Bloomberg published a story about the open-source privacy-protection project pi-hole, why it exists and what it wants to achieve. I use the software daily to keep my entire home and work network tracking-free.
Web Performance
Postgres 10 has been here for quite a while already, but I personally struggled to find good information on how to use all these amazing features it brings along. Gabriel Enslein now shares Postgres 10 performance updates in a slide deck, shedding light on how to use the built-in JSON support, native partitioning for large datasets, hash index resiliency, and more.
Rarely talked about for years, CSS tables are still used on most websites to show (and that’s totally the correct way to do so) data in tables. But as they’re not responsive by default, we always struggled when making them responsive and most of us used JavaScript to make them work on mobile screens. Lea Verou now found two new ways to achieve responsive tables by using CSS: One is to use text-shadow to copy text to other rows, the other one uses element() to copy the entire <thead> to other rows — I still try to understand how Lea found these solutions, but this is amazing!
Osvaldas Valutis shares how to implement the so-called “Priority Plus” navigation pattern mostly with CSS, at least in modern browsers. If you need to support older browsers, you will need to extend this solution further, but it’s a great start to implement such a pattern without too much JavaScript.
Chris Ashton “used the web for a day with JavaScript turned off.” This piece highlights the importance of thinking about possible JavaScript failures on websites and why it matters if you provide fallbacks or not.
Sam Thorogood shares how we can build a “native undo & redo for the web”, as used in many text editors, games, planning or graphical software and other occasions such as a drag and drop reordering. And while it’s not easy to build, the article explains the concepts and technical aspects to help us understand this complicated matter.
There’s a new way to implement element/container queries into your application: eqio is a tiny library using IntersectionObserver.
Work & Life
Johannes Seitz shares his thoughts about project management at the start of projects. He calls the method “Iteration Zero”. An interesting concept to understand the scope and risks of a project better at a time when you still don’t have enough experience with the project itself but need to build a roadmap to get things started.
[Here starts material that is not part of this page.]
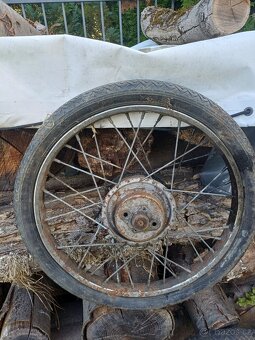 Brzdovy štít jawa - 14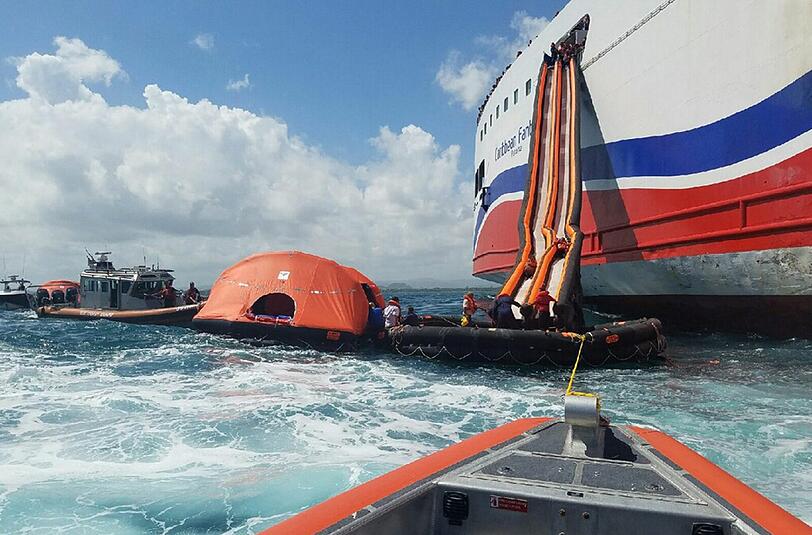 Evakuierung der "Caribbean Fantasy": An Bord waren mehr als 500 Menschen, alle sind in Sicherheit. Foto: Petty Officer 2nd Class Jonathan Lally/U.S. Coast Guard District 7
Arestia Rosenberg shares why her number one advice for freelancers is to ‘lean into the moment’. It’s about doing work when you can and using your chance to do something else when you don’t feel you can work productively. In the end, the summary results in a happy life and more productivity. I’d personally extend this to all people who can do that, but, of course, it’s best applicable to freelancers indeed.
Ethan Marcotte elaborates on the ethical issues with Google Duplex that is designed to imitate human voice so well that people don’t notice if it’s a machine or a human being. While this sounds quite interesting from a technical point of view, it will push the debate about fake news much further and cause more struggle to differentiate between something a human said or a machine imitated.
I bet that most of you haven’t heard of Palantir yet. The company is funded by Peter Thiel and is a data-mining company that has the intention to collect as much data as possible about everybody in the world. It’s known to collaborate with various law enforcement authorities and even has connections to military services. What they do with data and which data they have from us isn’t known. My only hope right now is that this company will suffer a lot from the EU GDPR directive and that the European Union will try to stop their uncontrolled data collection. Facebook’s data practices are nothing compared to Palantir it seems.
Anton Sten shares his thoughts on Vanity Metrics, a common way to share numbers and statistics out of context. And since he realized what relevancy they have, he thinks differently about most of the commonly readable data such as investments or usage data of services now. Reading one number without having a context to compare it to doesn’t matter at all. We should keep that in mind.